Work order: Output the listing below verbatim, without images.

The data:
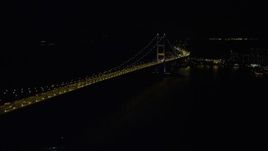 5K stock footage aerial video of flying by the Tsing Ma Bridge in Hong Kong at night, China Aerial Stock Footage | SS01_0243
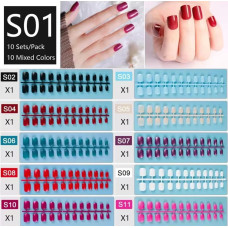 Набір накладних нігтів S01 Square Shape — 10 комплектів (мікс кольорів)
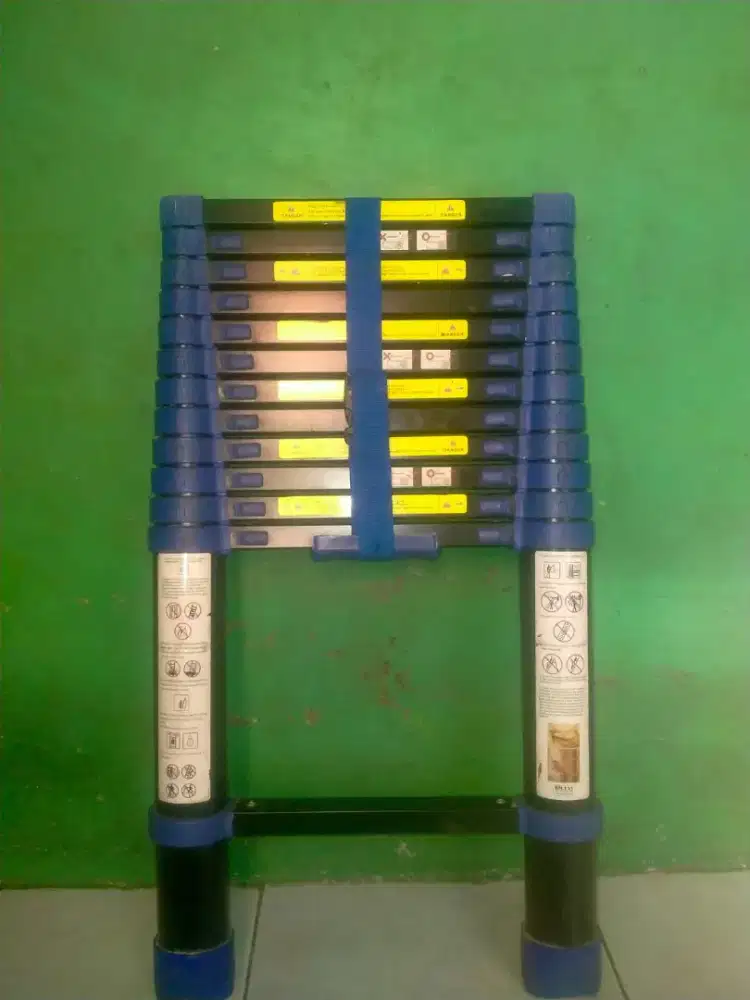 Tangga Lipat Alumunium Teleskopik 3,8 Meter Single (Biru-Hitam)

Exercise response:
 5K stock footage aerial video of flying by the Tsing Ma Bridge in Hong Kong at night, China Aerial Stock Footage | SS01_0243
 Набір накладних нігтів S01 Square Shape — 10 комплектів (мікс кольорів)
 Tangga Lipat Alumunium Teleskopik 3,8 Meter Single (Biru-Hitam)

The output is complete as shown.